Change any references to from ..[sklearn library name] import ... to from sklearn.[sklearn library name] import ...

3. Library tests subfolder

Finally, we port the unit tests from the scikit-learn project, so that as we make changes to the codebase, we can ensure the original tree code still works as intended.

Create a subfolder within _tree called tests and place the following files from scikit-learn:

  • __init__.py
  • test_export.py
  • test_reingold_tilford.py
  • test_tree.py

and change any imports that reference sklearn.tree to reference skltree.tree

4. setup.py file

We need to add the cython extension modules to the default setup.py included in the scikit-learn-contrib project.

libraries = []
if os.name == "posix":
    libraries.append("m")

cython_extensions = [
    Extension(name = "skltree.tree._tree", sources = ["skltree/tree/_tree.pyx"], include_dirs = [np.get_include()], libraries = libraries, language = "c++", extra_compile_args = ["-O3"]), 
    Extension(name = "skltree.tree._splitter", sources = ["skltree/tree/_splitter.pyx"], include_dirs = [np.get_include()], libraries = libraries, extra_compile_args = ["-O3"]), 
    Extension(name = "skltree.tree._criterion", sources = ["skltree/tree/_criterion.pyx"], include_dirs = [np.get_include()], libraries = libraries, extra_compile_args = ["-O3"]), 
    Extension(name = "skltree.tree._utils", sources = ["skltree/tree/_utils.pyx"], include_dirs = [np.get_include()], libraries = libraries, extra_compile_args = ["-O3"]),
    Extension(name = "skltree.tree._random", sources = ["skltree/tree/_random.pyx"], include_dirs = [np.get_include()], libraries = libraries, extra_compile_args = ["-O3"]), 
]

in the setup command, we add a line

ext_modules=cythonize(cython_extensions, compiler_directives={
    "language_level": 3,
    "boundscheck": False,
    "wraparound": False,
    "initializedcheck": False,
    "nonecheck": False,
    "cdivision": True,
}), 

and in the import lines, we add

import numpy as np
from setuptools.extension import Extension
from Cython.Build import cythonize

5. Example code

Finally, we need one or several minimal examples so that we can run the estimators after they have been built and made available as a package.
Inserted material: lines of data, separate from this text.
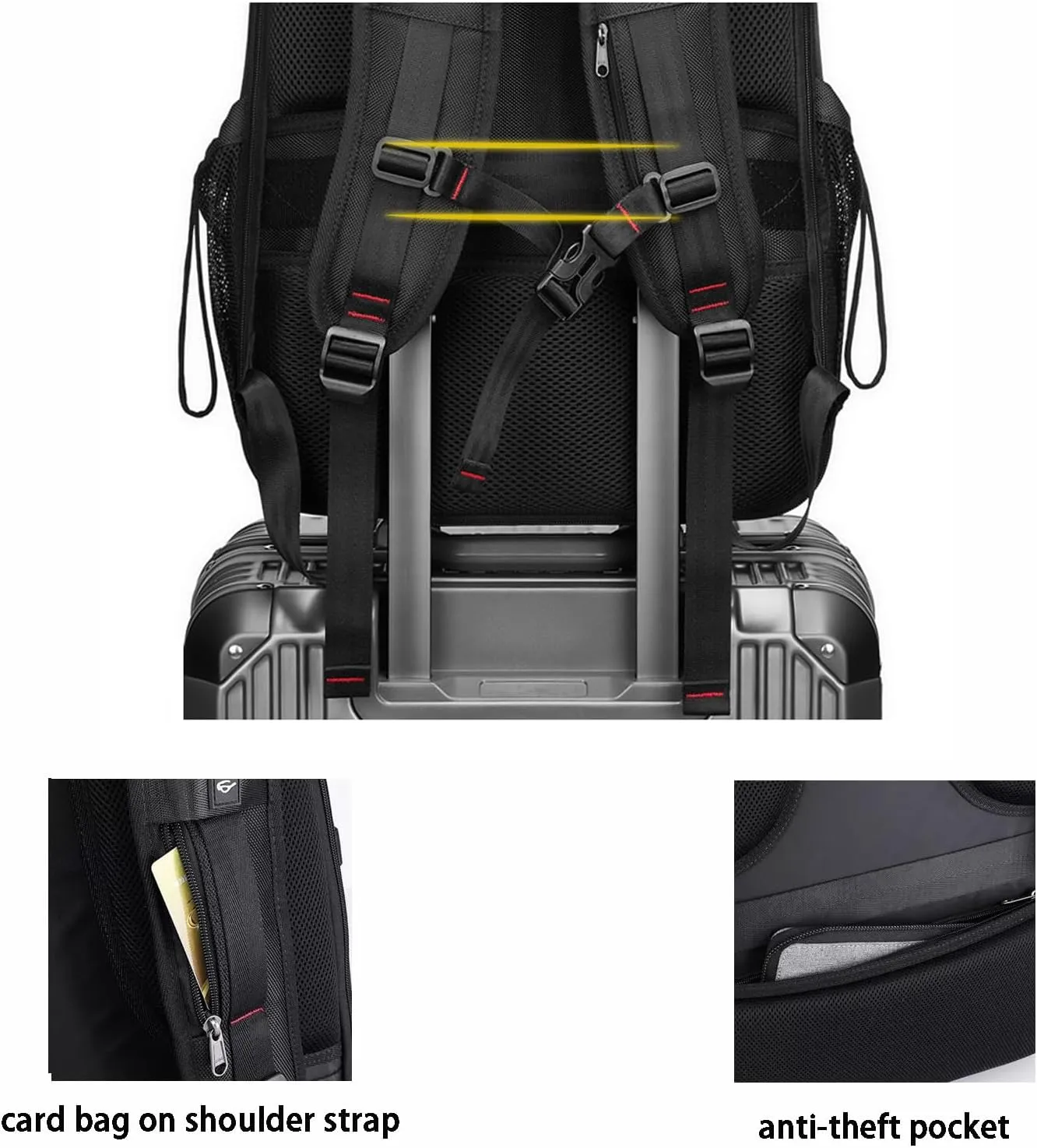 Travel Backpack, Extra Large Backpack for Men, Expandable Backpack with USB Port Anti-Theft Business Work Bag (50L, Green)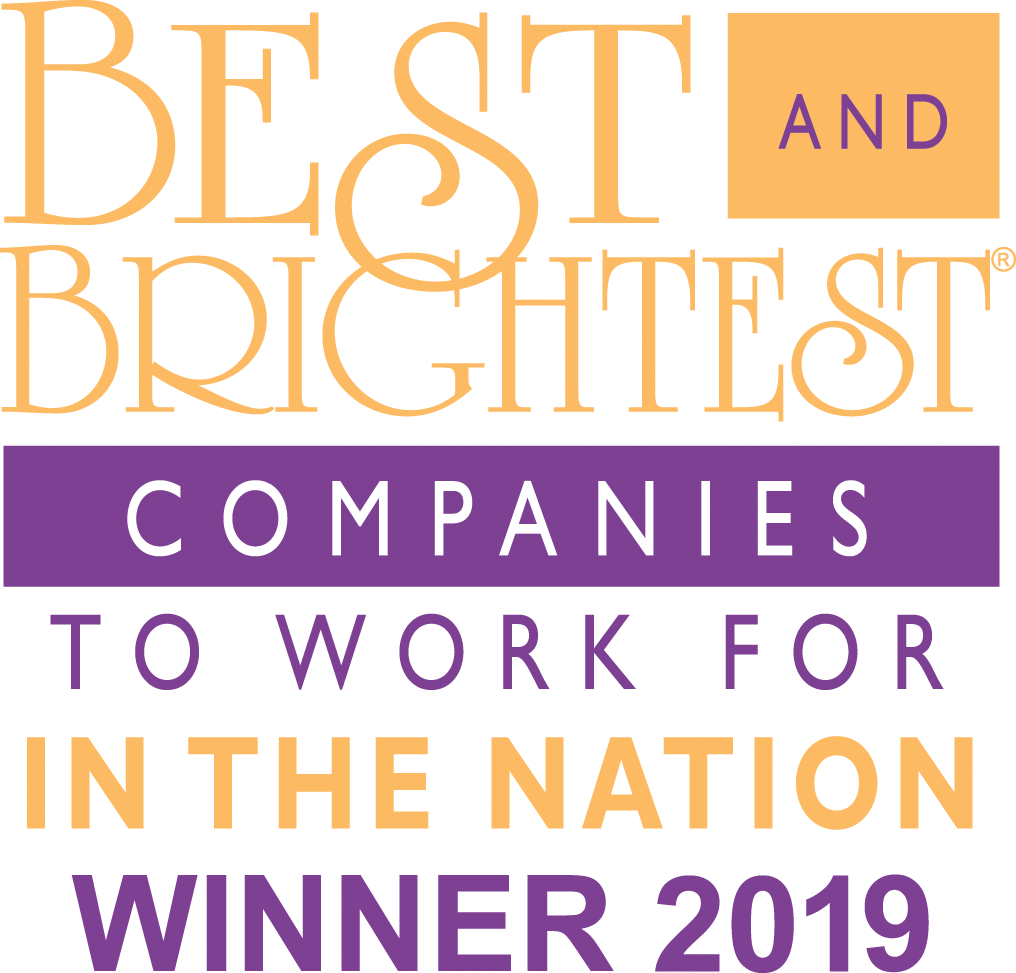 Best and Brightest Companies to Work for In the Nation; Winner 2019.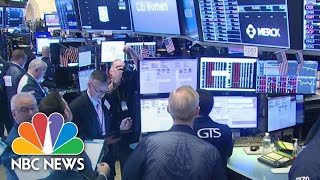 Stock Trading Halted After Markets Plunge At Market Open  NBC News [upl. by Helfant]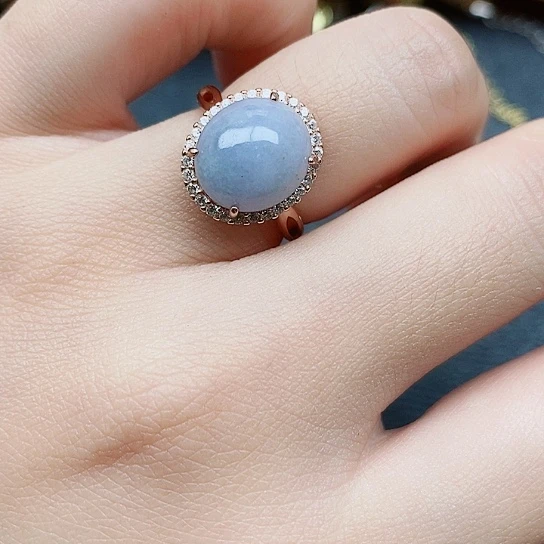 银S925镶嵌戒指翡翠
To start, simply include scikit-learn/examples/tree/plot_regression_tree.py in this project as scikit-tree/examples/tree/plot_regression_tree.py and change the import statement to reference skltree.tree.

We will add some more minimal runner scripts later once the project has been built.

Building the project

First, we need to set up a python environment with necessary dependencies to build this code. Here, we largely mirror the scikit-learn developer guidelines. For mac and linux users, this can be done via conda with

conda create -n partition_env -c conda-forge python=3.10 \
    numpy scipy cython pytest matplotlib pandas scikit-learn \
    joblib threadpoolctl pytest compilers llvm-openmp

We activate the environment with

conda activate partition_env

And build the library by navigating to the local copy of the repo and installing the package locally via pip

cd ~/[path to folder]/scikit-tree
python setup.py clean
pip install --no-build-isolation -e .

This may take some time but if it completes successfully, we are ready for the next step by running the unveil_tree example. In the same terminal, run

python -m examples.tree.plot_regression_tree

Now, we have a fast, cython-backed codebase that we can use to implement various tree algorithms!